Political Pressures and Economic Outlook

Political pressure is mounting on Prime Minister Trudeau’s minority Liberal government, with the possibility of a confidence vote looming at the end of the month or in early November. The Bloc Quebecois have indicated they may vote against the government, adding further uncertainty to the political and economic outlook.

Canadian Dollar

Despite losing around 0.4% against the US dollar last week, the Canadian dollar was still the best-performing currency among the G10. The Canadian dollar typically strengthens on the crosses when the US dollar is firm. After bottoming near CAD1.3420 in late September, the US dollar climbed to almost CAD1.36 by the weekend, where the 200-day moving average lies. Initial resistance levels are found at CAD1.3620 and CAD1.3650.

Key Points:

  • The Bank of Canada is likely to cut rates by 50 bp, barring any surprises from upcoming economic data.
  • Canada’s trade deficit has narrowed, but the labour market is slowing, and unemployment is rising.
  • Political uncertainty is increasing, with a potential confidence vote against Prime Minister Trudeau’s government.
  • The Canadian dollar remains resilient, performing well against other G10 currencies in a strong US dollar environment.

Europe

ECB Rate Cut Speculation Gains Momentum

Last week’s CPI data bolstered expectations of another rate cut by the European Central Bank (ECB) later this month, following the September reduction. The only significant upcoming economic data is August retail sales, which typically don’t move markets. Eurozone retail sales have been flat on average this year, much like the January-July period in 2023.

German Economy Facing Potential Contraction

German factory orders and industrial output figures are due soon, but with the Bundesbank warning of a potential contraction in Q3 (after a 0.1% decline in Q2), weaker data may not come as a surprise. In contrast, France, Spain, and Italy saw a modest rise in industrial production in August. Trade figures from Germany and France suggest that the economic shock from Russia’s invasion of Ukraine has been largely absorbed. The eurozone’s current account surplus is projected to be around 2.5% of GDP this year, a recovery from the -0.3% recorded in 2022.

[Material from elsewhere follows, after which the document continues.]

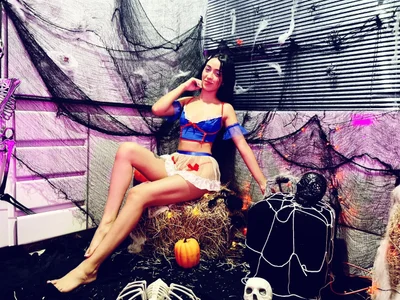HinamiLennox happy halloween 🎃💀🎀 Billede 5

Euro Weakness and Potential Targets

Stronger-than-expected US job data pushed the euro below $1.10, a key level that could see the euro fall to $1.08. While such a deep retracement seems possible, an initial target is more likely around $1.0900-$1.0910. After six consecutive days of losses, the euro may enter a consolidation phase, with resistance expected around the $1.10 level.

Key Points:

  • CPI data supports the possibility of another ECB rate cut.
  • German data may point to a slowing economy, while other eurozone countries show modest industrial growth.
  • The euro has weakened and may test levels near $1.0900, with resistance around $1.10.

Japan

Japan’s New Prime Minister

Japan has formally appointed a new prime minister, Ishida, who is taking over an economy that shows signs of forward momentum and has successfully avoided deflation. The budget deficit is expected to decrease from approximately 5.5% of GDP this fiscal year to around 4.8% in the next. As a result, monetary policy is likely to gradually become less accommodative, with adjustments anticipated in interest rates and the Bank of Japan’s balance sheet. Speculation is growing that Ishida may call for early elections to secure his popular mandate.

Political Landscape

The main opposition party, the Constitutional Democratic Party, has chosen a former LDP official, Noda, to lead the charge in the upcoming elections. Noda is viewed as a skilled debater, potentially providing a formidable challenge to Ishida. Japan is set to release reports on labour earnings and household spending. Labour earnings have increased by 3.4% through July, but household spending has only risen by 0.1%. When adjusted for inflation, labour earnings show a slight increase of 0.4%. The June and July gains marked the first increases in over two years, yet Japanese households maintain a high savings rate and a low propensity to consume.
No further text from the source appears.